Although the bump map has a 2d domain, where $$u,v$$ maps to $$x,y$$, we can make Perlin noise that has a 3d domain by using a cube grid instead of a square, where the additional $$z$$ parameter can be used to represent time. For the same point on a bump map, we can vary the time parameter $$z$$ to achieve a rippling effect in an animation.

Ripples using a Perlin noise bump map applied to an infinite plane.

I partition the pixels of the final image into batches to be run across multiple threads to take advantage of multiple processors on the computer doing the render. I take care to make randomization deterministic to increase the amount of temporal coherence across frames. Due to the high number of photons needed to reach full convergence and the number of frames needing to be rendered to produce an animation, relying on convergence is not practical. Instead, by deterministically seeding random generation, there is less distracting flicker between frames at the cost of the movement of individual photons across frames becoming slightly visible. The former is distracting; the latter is unnatural but more aesthetically pleasing. This a reasonable tradeoff for my purposes.

I also take advantage of the computational resources provided by the University of Waterloo's CS department. Using the --distribute command line flag, the renderer will ssh into the three CS servers and run renders on all three simultaneously.
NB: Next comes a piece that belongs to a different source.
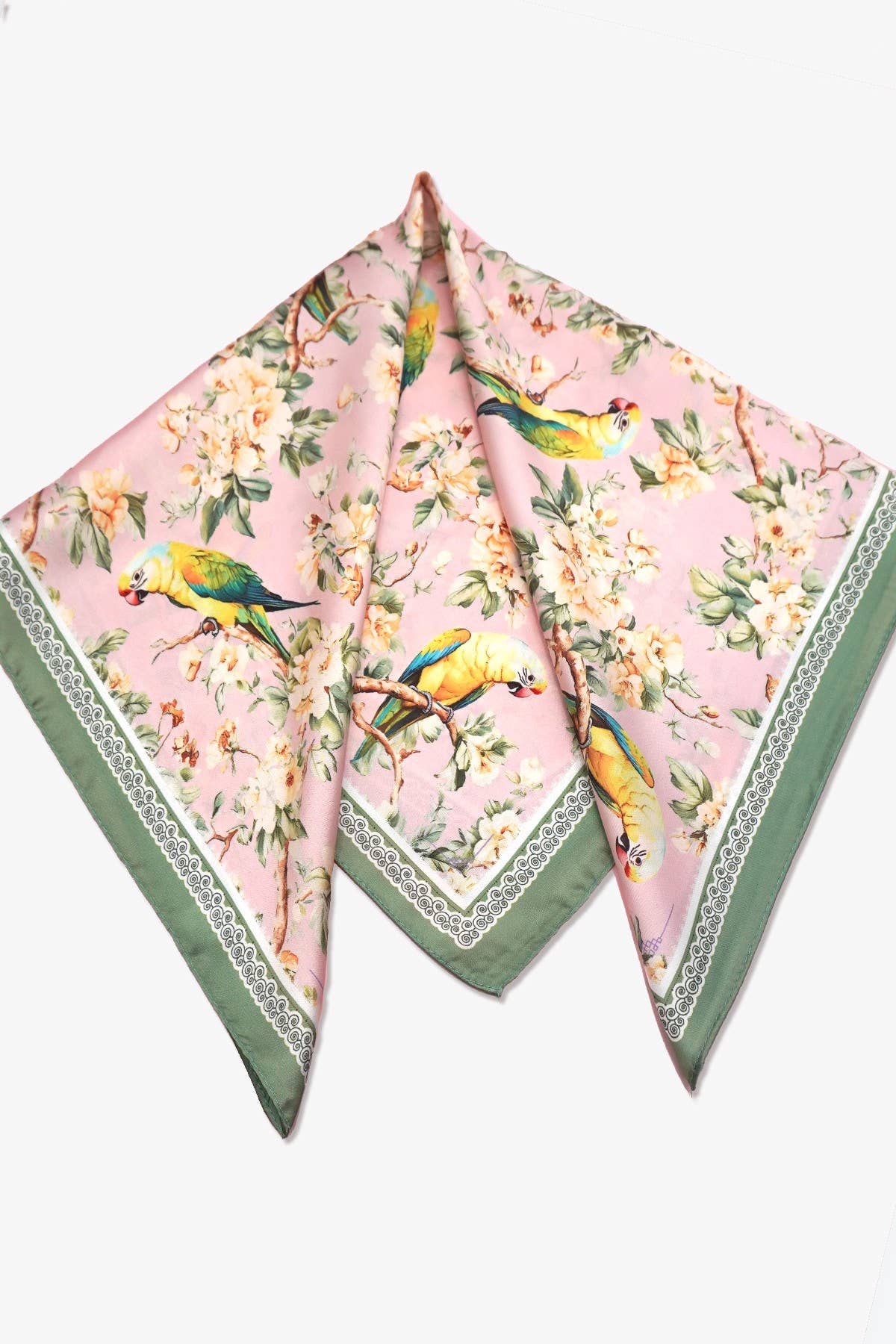 Floral Bird Print Silky Feel Bandana Scarf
One frame is rendered completely on one CS server in this mode, but the frame range specified in the --frames flag gets partitioned between the CS servers. Since a multithreaded task is capped at one hour of computation time on the CS servers, each frame is run as a new ssh command after the previous has finished. For the sake of other students using the CS servers, I generously decided to not use up all the cores on every server while rendering.

130m 31.592s
47m 36.888s
84m 4.390s
152m 37.270s
301m 28.938s

### Ambient occlusion

To better approximate ambient light in scenes where, in the interest of time, I don't want to use full global illumination, I implemented an ambient occlusion calculation. Since objects surrounded by other geometry tend to require more light bounces to receive indirect illumination, one can cast rays out from a point to see how much geometry is around it. Zhukov et al. describe the amount of occlusion at a point on a surface as an integral over the normal-aligned hemisphere, taking into account the distance to the nearest object for each angle in the integral. [9] To approximate the integral, sample rays are generated in the normal-aligned hemisphere at the surface. If the samples find that there is geometry within a certain radius, the ambient light is decreased. The closer the geometry is, the more ambient light is decreased.

How ambient occlusion sample rays affect shading.
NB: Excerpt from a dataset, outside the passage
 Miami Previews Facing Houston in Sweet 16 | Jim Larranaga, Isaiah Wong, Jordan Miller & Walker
This image was rendered without any direct lighting. The only shading present is due to ambient occlusion. Note how the corners and crevices get shaded the most.

### Colour correction

The colour used for rays is high dynamic range: the energy in red, green, and blue channels is not limited to the range $$[0, 1]$$. However, it needs to be mapped back to the $$[0, 1]$$ range to produce a final image. The simple, default mapping simply clamps the value for a channel to the aforementioned range. I added John Hable's mapping that he created for the game Uncharted 2. [10] The basic idea is that the intensity should be divided by something larger than itself. A simple implementation of this concept would be the mapping $$x \rightarrow \frac{x}{x+1}$$. On his website, Hable provides a formula using a quadratic numerator and denominator.

Because this method can handle large colour values, exposure can be applied as a multiplier before passing the value into the Hable mapping function. I added a Lua command, gr.set_exposure(), that sets this multiplier.

After applying tone mapping, I apply gamma correction. Since monitors do not display linear changes in colour intensity linearly, colours are mapped so that after light leaves the screen, the applied correction cancels out the nonlinearities of the screen. I convert colours to the sRGB colour space for storage to accomplish this. [11]

The bump mapped orange from before, without gamma correction and tone mapping applied.

The bump mapped orange, with gamma correction and tone mapping.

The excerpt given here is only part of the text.